Lula argumenta que a ausência de regulação tem permitido a proliferação de crimes e desinformação. Porém, não é coincidência que a medida surja em um momento em que a justiça já ampliou drasticamente os limites de atuação contra conteúdos considerados “nocivos”. E não é segredo que, no Brasil, o conceito de “discurso de ódio” vem sendo usado de forma elástica o suficiente para abarcar críticas legítimas ao governo e seus aliados. É justamente esse tipo de interpretação vaga que regimes como o venezuelano usam para enquadrar opositores.
O presidente norte-americano Donald Trump, em relatório recente do Departamento de Estado, denunciou a deterioração da liberdade de expressão no Brasil, mencionando perseguição a apoiadores do ex-presidente Jair Bolsonaro. Washington alertou para medidas “desproporcionais” e “processos secretos sem as garantias do devido processo legal” — a mesma fórmula que em outros países latino-americanos abriu caminho para silenciar vozes dissidentes. Ignorar esse alerta é fechar os olhos para a história recente do continente.
Os paralelos com Caracas são evidentes. Na Venezuela, a justificativa inicial para restringir conteúdo online também foi a “proteção contra crimes” e a “defesa da democracia”. O resultado? A consolidação de um aparato estatal capaz de bloquear portais de notícia e prender jornalistas sob a acusação de “provocar violência” ou “espalhar notícias falsas”. Esse roteiro não é ficção; é o manual prático de como se sufoca o debate público sob a fachada de regulamentação.

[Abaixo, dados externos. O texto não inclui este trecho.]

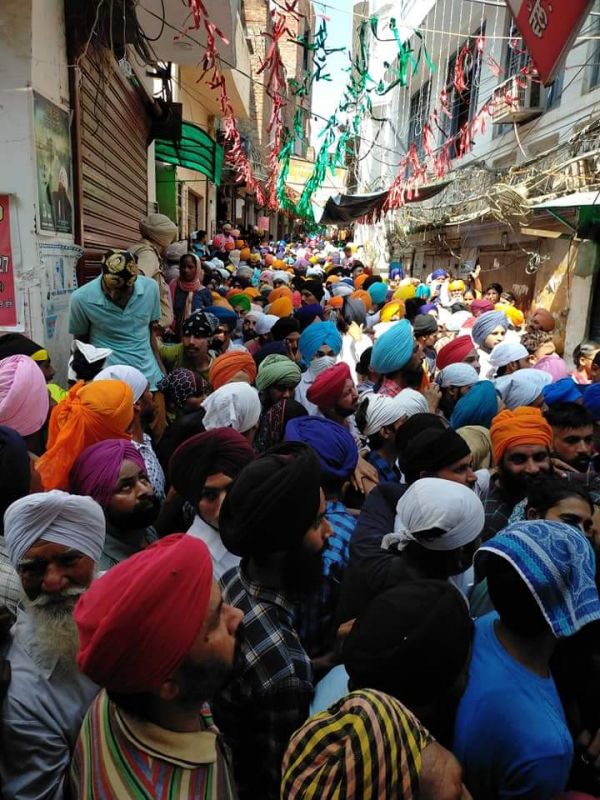 Adorned Glory: Gurdwara Kandh Sahib, Batala Shines Bright on Sri Guru Nanak Dev Ji's Wedding Anniversary. Sangat Gathers in Reverence, Celebrating the Sacred Union of Sri Guru Nanak Dev Ji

A defesa de Lula e de seus ministros, como Rui Costa, é de que as big techs lucram às custas de crimes e que “não querem ser fiscalizadas”. O argumento pode ter mérito no que diz respeito a responsabilizar empresas por negligência em casos de abuso infantil. O problema é quando essa responsabilização se mistura com a prerrogativa de decidir quais opiniões são aceitáveis. Nessa zona cinzenta, governos autoritários prosperam. A fronteira entre proteger e controlar se desfaz com assustadora rapidez.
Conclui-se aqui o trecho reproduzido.